In the two tournaments he has played since he began to log more range time (the Memorial and U.S. Open), Woods hit 53 and 48 greens — 70.1 percent. That would rank third on tour, is in line with his standard success in the category and is likely to be far closer to what he’ll do going forward than his early season numbers, which were affected by rust, weakness and an inability to practice.
Strangely, the club that has tormented Woods this season is the one that requires no ACL to wield, the instrument that has defined his greatness more than any other: his putter.
“I striped it [all] week,” Woods said after a balky putter condemned him to a tie for sixth at Bethpage Black. “I hit it just like I did at Memorial, and unfortunately I didn’t make anything.”
When Woods said he isn’t making “anything,” he wasn’t exaggerating by much. On putts between 15 and 20 feet, Woods ranks 131st, connecting on only 15.8 percent of his opportunities. On putts between 20 and 25 feet, he has been even worse, making just 7.4 percent (154th).

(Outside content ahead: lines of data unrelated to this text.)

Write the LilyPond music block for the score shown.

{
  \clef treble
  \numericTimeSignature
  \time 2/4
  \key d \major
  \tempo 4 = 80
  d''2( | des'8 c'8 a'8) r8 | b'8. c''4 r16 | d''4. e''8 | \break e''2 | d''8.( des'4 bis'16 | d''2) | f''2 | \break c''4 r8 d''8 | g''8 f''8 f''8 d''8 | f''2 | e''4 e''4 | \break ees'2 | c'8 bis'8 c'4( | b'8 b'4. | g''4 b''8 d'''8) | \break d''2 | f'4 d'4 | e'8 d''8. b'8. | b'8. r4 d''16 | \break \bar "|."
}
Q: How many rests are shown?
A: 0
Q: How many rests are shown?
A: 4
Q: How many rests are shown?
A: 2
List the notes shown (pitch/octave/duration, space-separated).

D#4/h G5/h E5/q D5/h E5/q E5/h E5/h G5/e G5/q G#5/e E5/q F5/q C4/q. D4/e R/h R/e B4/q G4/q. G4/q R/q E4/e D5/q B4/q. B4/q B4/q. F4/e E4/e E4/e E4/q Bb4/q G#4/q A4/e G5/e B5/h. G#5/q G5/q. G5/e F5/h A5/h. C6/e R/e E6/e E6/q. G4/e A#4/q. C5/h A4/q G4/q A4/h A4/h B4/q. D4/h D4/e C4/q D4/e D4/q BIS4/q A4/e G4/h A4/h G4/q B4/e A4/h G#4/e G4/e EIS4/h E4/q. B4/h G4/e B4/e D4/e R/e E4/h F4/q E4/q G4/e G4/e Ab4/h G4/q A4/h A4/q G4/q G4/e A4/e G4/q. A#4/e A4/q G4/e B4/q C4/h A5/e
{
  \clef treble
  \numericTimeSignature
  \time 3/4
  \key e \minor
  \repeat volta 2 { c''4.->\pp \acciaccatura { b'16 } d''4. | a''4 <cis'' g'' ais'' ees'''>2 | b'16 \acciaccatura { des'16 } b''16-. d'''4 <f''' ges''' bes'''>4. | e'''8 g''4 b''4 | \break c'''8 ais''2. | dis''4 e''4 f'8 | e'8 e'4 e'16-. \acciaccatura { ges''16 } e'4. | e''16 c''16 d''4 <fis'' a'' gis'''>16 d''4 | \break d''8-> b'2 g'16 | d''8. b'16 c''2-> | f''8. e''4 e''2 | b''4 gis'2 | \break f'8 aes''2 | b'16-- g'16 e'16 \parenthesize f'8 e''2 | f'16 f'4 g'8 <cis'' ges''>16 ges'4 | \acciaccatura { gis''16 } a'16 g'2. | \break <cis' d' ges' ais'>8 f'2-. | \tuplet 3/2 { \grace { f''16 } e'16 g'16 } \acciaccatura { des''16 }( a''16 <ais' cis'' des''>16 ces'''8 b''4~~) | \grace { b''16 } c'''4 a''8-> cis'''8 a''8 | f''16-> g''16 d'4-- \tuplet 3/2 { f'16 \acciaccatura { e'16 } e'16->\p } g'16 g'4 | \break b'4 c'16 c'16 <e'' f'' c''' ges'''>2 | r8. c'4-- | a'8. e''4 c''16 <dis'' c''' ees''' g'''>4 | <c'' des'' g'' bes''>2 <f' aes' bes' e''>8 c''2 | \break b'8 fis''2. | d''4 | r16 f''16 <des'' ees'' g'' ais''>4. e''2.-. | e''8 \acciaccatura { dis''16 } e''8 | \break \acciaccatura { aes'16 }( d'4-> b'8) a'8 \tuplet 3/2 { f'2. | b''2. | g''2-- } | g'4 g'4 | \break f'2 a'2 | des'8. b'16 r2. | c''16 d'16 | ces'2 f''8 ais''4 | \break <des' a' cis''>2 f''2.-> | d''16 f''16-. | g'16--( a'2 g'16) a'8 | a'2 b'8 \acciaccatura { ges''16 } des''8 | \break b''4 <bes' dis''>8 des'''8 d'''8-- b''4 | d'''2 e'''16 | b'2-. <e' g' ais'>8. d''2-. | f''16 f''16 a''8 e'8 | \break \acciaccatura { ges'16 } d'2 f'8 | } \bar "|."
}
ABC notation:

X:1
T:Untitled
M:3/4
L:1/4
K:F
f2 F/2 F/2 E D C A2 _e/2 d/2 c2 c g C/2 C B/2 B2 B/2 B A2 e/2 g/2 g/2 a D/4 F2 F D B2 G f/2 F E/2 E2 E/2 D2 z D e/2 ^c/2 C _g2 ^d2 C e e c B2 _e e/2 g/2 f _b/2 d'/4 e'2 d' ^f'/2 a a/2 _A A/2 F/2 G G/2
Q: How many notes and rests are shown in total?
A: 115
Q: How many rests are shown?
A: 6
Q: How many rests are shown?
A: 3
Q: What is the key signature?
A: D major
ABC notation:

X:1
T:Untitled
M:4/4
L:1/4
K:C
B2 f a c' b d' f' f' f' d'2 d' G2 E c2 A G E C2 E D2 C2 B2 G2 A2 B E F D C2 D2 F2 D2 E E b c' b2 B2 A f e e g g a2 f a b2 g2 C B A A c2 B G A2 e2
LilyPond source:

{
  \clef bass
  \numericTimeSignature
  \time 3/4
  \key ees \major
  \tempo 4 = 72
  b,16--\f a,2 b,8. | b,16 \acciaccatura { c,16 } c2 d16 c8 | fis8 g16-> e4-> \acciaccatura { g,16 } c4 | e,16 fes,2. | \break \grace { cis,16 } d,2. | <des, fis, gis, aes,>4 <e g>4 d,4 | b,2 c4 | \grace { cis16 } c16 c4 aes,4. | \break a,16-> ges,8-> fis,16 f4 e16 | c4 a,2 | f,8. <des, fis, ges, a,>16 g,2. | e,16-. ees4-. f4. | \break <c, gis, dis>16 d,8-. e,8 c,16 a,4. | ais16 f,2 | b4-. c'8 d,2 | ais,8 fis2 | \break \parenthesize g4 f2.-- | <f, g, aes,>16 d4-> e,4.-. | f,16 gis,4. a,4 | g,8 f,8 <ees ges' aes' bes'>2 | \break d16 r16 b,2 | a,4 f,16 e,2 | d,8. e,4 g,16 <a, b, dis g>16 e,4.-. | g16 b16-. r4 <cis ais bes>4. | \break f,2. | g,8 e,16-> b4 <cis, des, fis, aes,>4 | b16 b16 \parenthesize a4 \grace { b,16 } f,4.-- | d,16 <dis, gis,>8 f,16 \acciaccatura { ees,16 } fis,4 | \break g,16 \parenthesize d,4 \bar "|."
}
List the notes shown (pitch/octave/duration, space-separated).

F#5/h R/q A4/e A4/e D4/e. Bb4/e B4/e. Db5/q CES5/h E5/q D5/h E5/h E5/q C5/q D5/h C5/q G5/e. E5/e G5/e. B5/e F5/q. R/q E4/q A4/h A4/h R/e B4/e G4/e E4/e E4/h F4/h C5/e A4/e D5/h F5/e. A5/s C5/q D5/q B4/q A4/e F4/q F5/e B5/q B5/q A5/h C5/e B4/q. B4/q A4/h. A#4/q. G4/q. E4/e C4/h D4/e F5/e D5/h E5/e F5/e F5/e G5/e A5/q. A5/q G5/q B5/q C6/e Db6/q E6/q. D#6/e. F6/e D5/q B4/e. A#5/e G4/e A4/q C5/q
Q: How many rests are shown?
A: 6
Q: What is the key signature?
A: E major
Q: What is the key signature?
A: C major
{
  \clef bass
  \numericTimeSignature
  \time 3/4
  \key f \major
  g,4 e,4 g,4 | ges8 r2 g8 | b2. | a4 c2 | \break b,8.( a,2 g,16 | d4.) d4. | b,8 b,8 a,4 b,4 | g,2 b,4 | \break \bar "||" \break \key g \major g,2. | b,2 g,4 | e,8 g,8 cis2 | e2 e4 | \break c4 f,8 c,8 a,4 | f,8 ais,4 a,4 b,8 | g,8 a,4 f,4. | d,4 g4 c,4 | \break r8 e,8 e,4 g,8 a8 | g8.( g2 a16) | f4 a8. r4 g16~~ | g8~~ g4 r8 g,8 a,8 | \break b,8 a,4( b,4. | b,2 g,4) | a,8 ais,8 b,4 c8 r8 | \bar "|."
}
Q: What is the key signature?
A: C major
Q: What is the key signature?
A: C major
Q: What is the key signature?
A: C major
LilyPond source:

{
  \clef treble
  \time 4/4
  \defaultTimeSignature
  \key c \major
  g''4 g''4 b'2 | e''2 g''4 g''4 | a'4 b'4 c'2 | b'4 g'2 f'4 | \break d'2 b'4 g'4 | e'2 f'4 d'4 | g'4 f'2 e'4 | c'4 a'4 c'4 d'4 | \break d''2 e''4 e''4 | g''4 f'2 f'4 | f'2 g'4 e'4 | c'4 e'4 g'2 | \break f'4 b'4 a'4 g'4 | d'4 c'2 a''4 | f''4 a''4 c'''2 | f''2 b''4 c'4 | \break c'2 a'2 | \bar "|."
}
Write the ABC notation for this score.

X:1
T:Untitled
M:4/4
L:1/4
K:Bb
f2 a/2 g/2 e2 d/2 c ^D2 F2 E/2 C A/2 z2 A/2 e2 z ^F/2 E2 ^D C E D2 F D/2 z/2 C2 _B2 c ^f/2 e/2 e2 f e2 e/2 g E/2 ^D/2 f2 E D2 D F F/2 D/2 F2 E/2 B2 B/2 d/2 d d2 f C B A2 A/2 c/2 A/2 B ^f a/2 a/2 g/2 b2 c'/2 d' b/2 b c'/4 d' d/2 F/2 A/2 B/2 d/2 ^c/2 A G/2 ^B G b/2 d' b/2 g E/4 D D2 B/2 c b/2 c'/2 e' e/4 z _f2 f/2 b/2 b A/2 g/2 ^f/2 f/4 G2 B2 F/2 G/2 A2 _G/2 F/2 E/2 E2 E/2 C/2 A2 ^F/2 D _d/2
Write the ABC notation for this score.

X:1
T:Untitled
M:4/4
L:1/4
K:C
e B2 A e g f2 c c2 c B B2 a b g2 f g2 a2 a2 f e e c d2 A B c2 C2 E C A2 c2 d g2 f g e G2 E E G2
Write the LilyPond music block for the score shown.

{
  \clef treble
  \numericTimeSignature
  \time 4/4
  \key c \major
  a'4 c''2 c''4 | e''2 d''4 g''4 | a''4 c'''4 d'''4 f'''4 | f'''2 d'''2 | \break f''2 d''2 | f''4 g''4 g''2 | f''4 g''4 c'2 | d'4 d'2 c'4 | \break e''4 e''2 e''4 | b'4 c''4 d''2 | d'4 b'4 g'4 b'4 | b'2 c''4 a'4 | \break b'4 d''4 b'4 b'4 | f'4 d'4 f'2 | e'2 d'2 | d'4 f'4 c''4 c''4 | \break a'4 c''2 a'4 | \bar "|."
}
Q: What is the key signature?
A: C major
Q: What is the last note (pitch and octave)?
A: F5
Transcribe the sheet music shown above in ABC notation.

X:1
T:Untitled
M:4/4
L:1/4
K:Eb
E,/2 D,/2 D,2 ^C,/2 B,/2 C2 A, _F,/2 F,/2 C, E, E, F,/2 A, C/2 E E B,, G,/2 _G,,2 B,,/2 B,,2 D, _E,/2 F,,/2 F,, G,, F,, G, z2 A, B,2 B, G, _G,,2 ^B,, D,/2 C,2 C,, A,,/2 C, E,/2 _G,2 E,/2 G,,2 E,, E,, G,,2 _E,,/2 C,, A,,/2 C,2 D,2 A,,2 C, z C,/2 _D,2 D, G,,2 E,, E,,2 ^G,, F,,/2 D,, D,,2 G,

Those are scoring putts, the kind that turn a 69 or 70 into a 66 or 67.
What are the odds that a man with his platinum putting stroke will continue producing results like a 10-handicapper with Delirium Tremens? As Stricker said, Woods is going to start dropping those putts. And when he does, watch out, because the golf world could be transported back to the last time Woods stood on two completely healthy legs and unloaded his entire arsenal of shots on the game.
From 2000 to 2002, Woods won 19 times and claimed six of the 12 majors, including the unparalleled Tiger Slam.
Harbingers of the coming storm already exist. Woods comes to Congressional boasting a career-best streak of 18 consecutive top-10 finishes in stroke-play tournaments dating to the 2007 British Open. That’s golf’s new definition of consistent excellence.
If he actually starts making putts, they might just retire the sport.